• **REQUIREMENT**: Where the records hold the string "Hotel", show the whole line it sits on.

• **Records contained in a dataset**:

==*==

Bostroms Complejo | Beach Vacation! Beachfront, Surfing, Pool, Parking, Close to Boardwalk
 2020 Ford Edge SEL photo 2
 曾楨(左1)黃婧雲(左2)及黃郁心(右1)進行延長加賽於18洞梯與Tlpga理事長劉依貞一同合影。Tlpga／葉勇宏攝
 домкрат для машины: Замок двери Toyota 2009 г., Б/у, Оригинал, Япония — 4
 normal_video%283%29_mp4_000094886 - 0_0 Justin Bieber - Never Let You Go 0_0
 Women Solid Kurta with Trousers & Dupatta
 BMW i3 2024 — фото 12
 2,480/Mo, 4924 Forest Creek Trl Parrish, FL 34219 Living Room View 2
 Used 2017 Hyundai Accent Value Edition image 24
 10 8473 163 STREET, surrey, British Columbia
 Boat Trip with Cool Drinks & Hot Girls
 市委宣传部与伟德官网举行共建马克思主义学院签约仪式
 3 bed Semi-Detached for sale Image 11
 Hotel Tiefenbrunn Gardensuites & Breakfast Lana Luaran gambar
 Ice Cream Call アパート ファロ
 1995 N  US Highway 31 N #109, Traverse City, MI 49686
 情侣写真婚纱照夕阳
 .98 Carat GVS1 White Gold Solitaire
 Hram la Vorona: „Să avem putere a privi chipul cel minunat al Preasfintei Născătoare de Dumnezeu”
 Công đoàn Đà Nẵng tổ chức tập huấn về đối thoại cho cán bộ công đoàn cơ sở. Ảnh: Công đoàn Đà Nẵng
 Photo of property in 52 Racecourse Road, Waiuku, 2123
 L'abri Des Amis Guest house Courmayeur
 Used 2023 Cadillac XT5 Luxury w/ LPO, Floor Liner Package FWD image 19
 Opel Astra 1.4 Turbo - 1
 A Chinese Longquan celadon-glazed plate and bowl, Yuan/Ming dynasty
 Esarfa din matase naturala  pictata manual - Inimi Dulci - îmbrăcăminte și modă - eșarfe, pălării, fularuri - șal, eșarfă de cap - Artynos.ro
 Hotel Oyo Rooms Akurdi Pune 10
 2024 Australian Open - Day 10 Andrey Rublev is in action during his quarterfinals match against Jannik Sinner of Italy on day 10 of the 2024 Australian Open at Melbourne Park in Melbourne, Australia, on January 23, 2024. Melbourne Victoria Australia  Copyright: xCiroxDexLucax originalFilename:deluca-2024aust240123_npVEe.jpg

==*==

• **THE COMPLETED TASK**:
 Hotel Tiefenbrunn Gardensuites & Breakfast Lana Luaran gambar
 Hotel Oyo Rooms Akurdi Pune 10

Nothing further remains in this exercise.